[[ AVAILABLE DATA open ]]

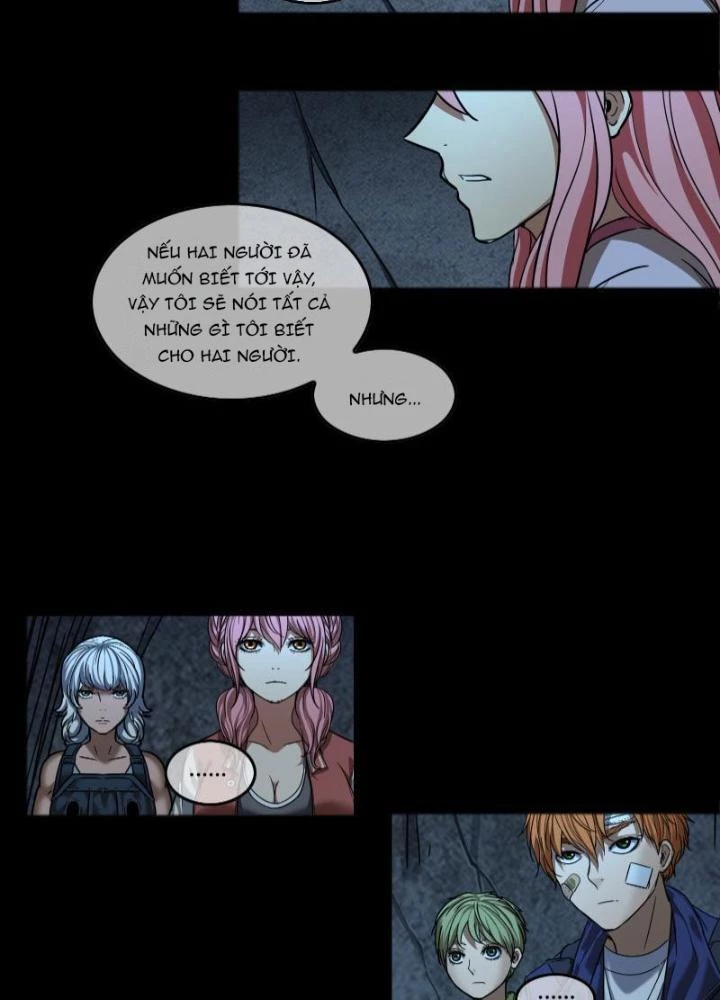 Hắc Dạ Trùng Sinh Chapter 42 - 45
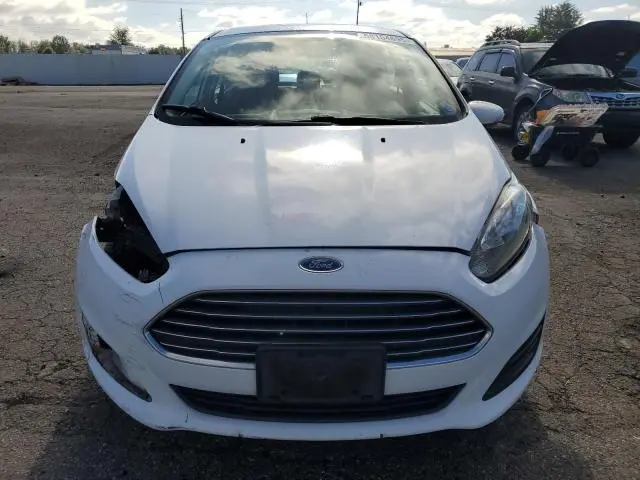 2014 FORD FIESTA SE  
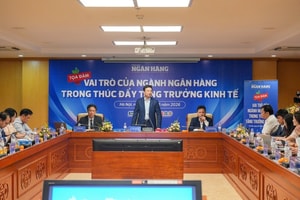 Tín dụng nền kinh tế vượt 19,4 triệu tỷ đồng, NHNN nói gì về khả năng hấp thụ vốn?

[[ AVAILABLE DATA closed ]]

ASSIGNMENT: Keep the pictures out, and write out the rest of the data above word for word.

ANSWER TO THE EXERCISE:
 Hắc Dạ Trùng Sinh Chapter 42 - 45
 2014 FORD FIESTA SE  
 Tín dụng nền kinh tế vượt 19,4 triệu tỷ đồng, NHNN nói gì về khả năng hấp thụ vốn?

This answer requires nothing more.